* **DATA EXTRACT**
· · · · ·
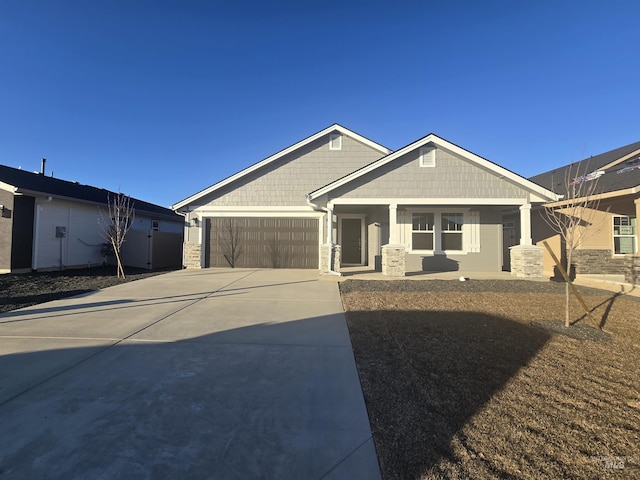 view of front of property with a garage and a porch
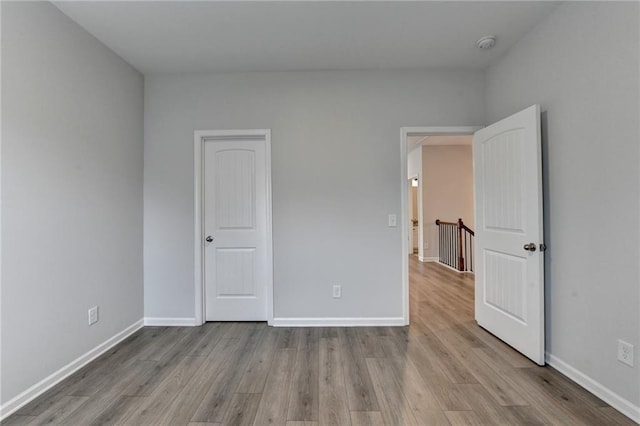 2090 Harvester Ln, Buford, GA 30518 - unfurnished bedroom with wood finished floors and baseboards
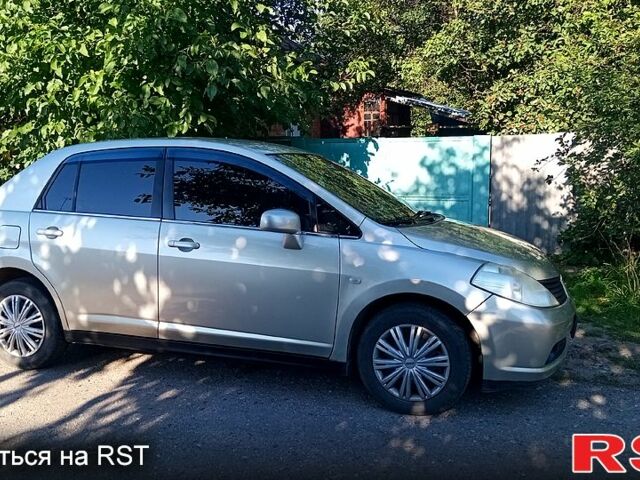 Желтый Ниссан Тиида, объемом двигателя 1.6 л и пробегом 202 тыс. км за 4750 $, фото 1 на Automoto.ua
· · · · ·
* **PROBLEM DETAILS**
Would you retype the material exactly, omitting each picture?

* **SOLUTION TO THIS EXERCISE**
 view of front of property with a garage and a porch
 2090 Harvester Ln, Buford, GA 30518 - unfurnished bedroom with wood finished floors and baseboards
 Желтый Ниссан Тиида, объемом двигателя 1.6 л и пробегом 202 тыс. км за 4750 $, фото 1 на Automoto.ua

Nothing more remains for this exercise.